她抬起眼来,目光平静而郑重,一字一字地说:“那就是魂飞魄散。你确定吗?”
这话说得轻描淡写,可话里的分量却重得压人。
屋子里安静了一瞬,连四目都放下了酒杯。
二月红却笑了。
他笑得比刚才任何一次都开心,眉眼弯弯的,整个人都透着一股子从心底漫上来的欢喜,他握着皎皎的手微微收紧,声音温柔到了极点,却也认真到了极点,“固所愿也,不敢请尔。”
这本就是他求之不得的事,哪里还需要她来问呢。
屋子里所有人都心满意足地收回了目光,继续吃吃喝喝起来,假装刚才什么都没发生。
四目端起酒杯灌了一大口,咂了咂嘴,正要开口说点什么,突然一拍脑门,“啪”的一声脆响,把旁边的千鹤吓了一跳。
“不对啊!”四目瞪圆了眼睛,看看皎皎,又看看九叔,再看看千鹤,手指头在空中点来点去,“那啥,要是没出什么意外的话,皎皎以后可是咱们茅山的掌门吧?咱们茅山掌门……能成亲生子?”
这话一出,九叔和千鹤也愣住了。
九叔把茶杯放下,皱着眉认认真真地想了半天,这才斟酌着开口:“茅山戒律……里头好像也没有哪一条明文写着禁止掌门成亲生子吧?”

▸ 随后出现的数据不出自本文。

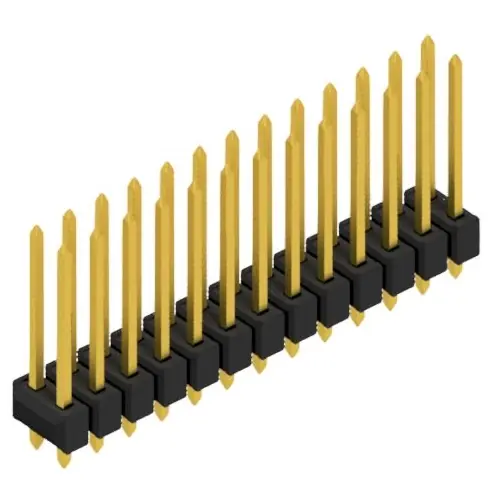 Online Kaufen Stiftleiste, 26-polig, RM 2.54 mm, gerade, schwarz, 10054827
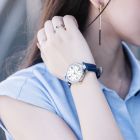 罗西尼(ROSSINI)手表典美系列钢带时尚女士机械腕表5760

“的确没有。”千鹤点了点头,他也是仔细通读过戒律的人,回忆了一番后笃定地说,“只是从某一任掌门开始,接连好几任掌门都没有成亲生子,时间一长,掌门不成亲生子就好像成了默认的规矩似的,其实戒律里并没有这一条。”
四目一听这话,顿时大手一挥,拍得桌子上的花生米都蹦了三蹦,满脸不以为然地说:“既然没有明文禁止,那就没什么关系了嘛!规矩是死的,人是活的。再说了……”
他眼睛一转,目光在皎皎和二月红之间来回扫了一圈,突然嘿嘿笑了两声,压低了声音,一副“我觉得我很有道理”的表情:“你们想想啊,皎皎这身本事、这份资质,那是千年难遇的吧?万一以后她有了后人,遗传了她的资质……那我们茅山岂不是又能兴盛个几百年?”
千鹤和九叔对视了一眼。
九叔沉默片刻,端起酒杯喝了一口,慢悠悠地说了句:“倒也不无道理。”
千鹤难得露出一丝笑意,点了点头:“的确,这么优秀的血脉不传承下去,是有点可惜。”
石少坚终于从东和南手里挣脱出来,头发也乱了,衣服也歪了,气鼓鼓地整理着衣襟,嘴上还在嘟囔:“什么传承不传承的……我先说好啊,二月红你要是敢欺负我妹妹,我……”
他话没说完,就被东重新捂住了嘴。
皎皎靠在椅背上,看着这一屋子人热热闹闹地替她操着心,嘴角微微弯了弯,没说什么,只是反手握住了二月红的手,指尖在他手背上轻轻点了一下。
二月红一朝心愿得偿,低头看着两人交握的手,笑得心满意足,舍不得松开半分。